Creating a Blog API using Git as the Datastore

Some time ago, I became interested in the concept of using git as a datastore/CMS for a blog. I found the idea of using branching and merging for drafts, as well as versioning for posts, to be intriguing. Additionally, I wanted to test my ability to create a basic API that could be utilized for interacting with the blog. This is the outcome of my experiment.

Tech stack

Python is the language I feel most comfortable with and Tornado is a web framework that I have used in the past. Pygit2 is a Python binding for libgit2, which is a C implementation of git.

Dockerfile

I have the following Dockerfile to build the image - It will install pygit2 and checkout the repo to /content.

FROM python:3.11

RUN apt-get update && \
    apt-get install -y --no-install-recommends \
    libgit2-dev \
    && rm -rf /var/lib/apt/lists/*

RUN pip install pygit2

COPY ./requirements.txt /app/requirements.txt
RUN pip install -r /app/requirements.txt

COPY . /app

RUN git clone https://github.com/photodialectic/git-blog.git /content

WORKDIR /app

CMD ["python", "/app/service.py"]

API Design

I wanted to keep the API straightfoward so there are really just a few endpoints

  • GET /v1/branches - List all branches
  • GET /v1/entries - List all entries (essentially the file system)
  • GET /v1/entries/:path - The path could resolve to either a tree or blob.

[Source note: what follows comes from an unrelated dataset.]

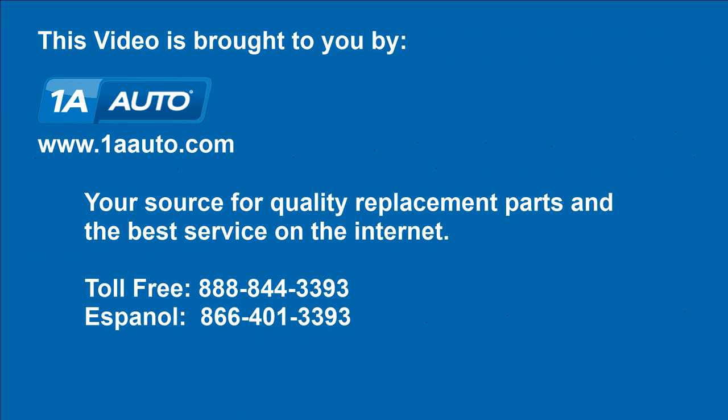We hope this video helps you out, brought to you by 1AAuto.com, your source for quality replacement parts and the best service on the Internet. Please feel free to call us toll-free at 888-844-3393 — the company that's here for you on the Internet.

If its a blob it'll render the contents

API Utils

I'm used to the idea of just git checkout <branch> and then git pull. I didn't find this to be as straightfoward with pygit2. So I had to write some utility functions to help me with this.

get_repo

I wanted to centralize the process of getting the repository to ensure that I set a user. This comes in handy when we pull down a branch.

def get_repo(self):
    repo = pygit2.Repository("/content")
    repo.config.set_multivar("user.name", "nh", "nh")
    repo.config.set_multivar("user.email", "info@nh", "nh")
    return repo

local_branch

In order to pull down a branch, we need a local branch (ideally with the same name) to merge changes into. Without this, I found that changes will be merged into the main branch, which is not desired. We want to be able to switch between branches.

def local_branch(self, repo, branch_name, remote_branch):
    local_branch = None
    commit = repo.get(remote_branch.target)  # Resolve the Oid to a Commit
    try:
        local_branch = repo.lookup_branch(branch_name, pygit2.GIT_BRANCH_LOCAL)
    except KeyError:
        local_branch = repo.create_branch(branch_name, commit)

    if not local_branch:
        local_branch = repo.create_branch(branch_name, commit)

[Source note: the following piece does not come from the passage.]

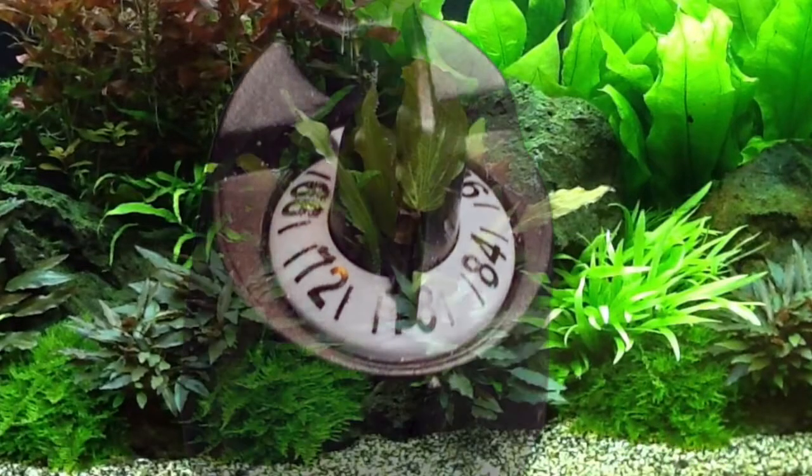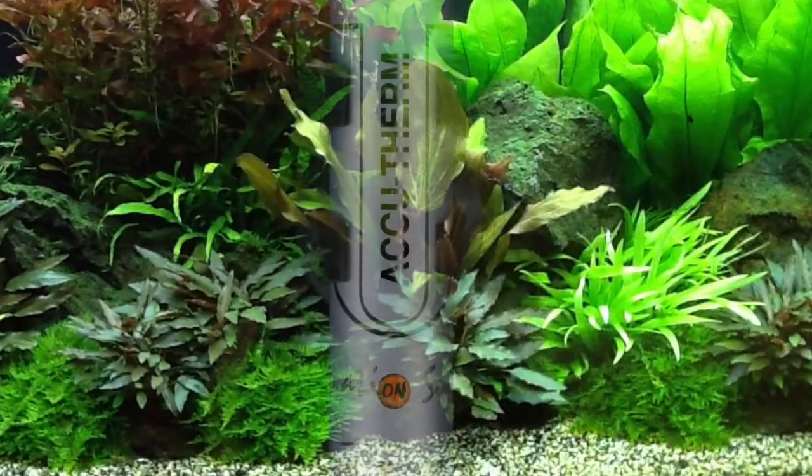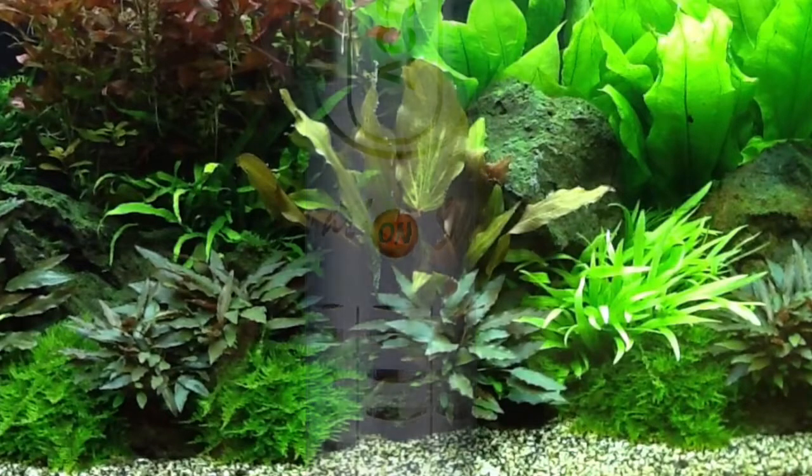The AccuTherm features an easy-to-set thermostat that is computer tested and accurate within plus or minus 2 degrees Fahrenheit. It has an on and off indicator light to help you know when you're heating.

    repo.set_head(local_branch.name)
    return local_branch

pull

This function is responsible for pulling down changes from a remote branch. It will establish a local branch, check if the branch is up to date, fast-forward the branch if possible, or merge changes if necessary. If there are conflicts, it will return a 409 status code.

def pull(self, repo, branch):
    remote_name = "origin"
    remote_branch_ref = f"refs/remotes/{remote_name}/{branch}"
    remote = repo.remotes[remote_name]
    logging.info(f"feteching {remote_name}/{branch}")
    remote.fetch()
    if remote_branch_ref not in repo.references:
        logging.error(f"Branch {branch} does not exist in the remote repository")
        return

    remote_branch = repo.lookup_reference(remote_branch_ref)
    try:
        logging.info("establishing local branch")
        local_branch = self.local_branch(repo, branch, remote_branch)
        if not local_branch:
            raise Exception(f"Could not establish local branch {branch}")

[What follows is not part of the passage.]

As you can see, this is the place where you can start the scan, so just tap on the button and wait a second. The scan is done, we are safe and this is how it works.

        merge_base = repo.merge_base(repo.head.target, remote_branch.target)

        logging.info(f"pulling remote changes to local branch {branch}")
        merge_result, _ = repo.merge_analysis(remote_branch.target)

        if merge_result & pygit2.GIT_MERGE_ANALYSIS_UP_TO_DATE:
            logging.info("Already up to date")
        elif merge_result & pygit2.GIT_MERGE_ANALYSIS_FASTFORWARD:
            logging.info("Fast-forward merge")
            repo.checkout_tree(repo.get(remote_branch.target))
            repo.head.set_target(remote_branch.target)
        else:
            logging.info("Merging changes")
            repo.merge(remote_branch.target)

            if repo.index.conflicts:
                logging.error("Merge conflicts encountered")
                self.set_status(409)
                self.write("conflict")
                return

            user = repo.default_signature
            tree = repo.index.write_tree()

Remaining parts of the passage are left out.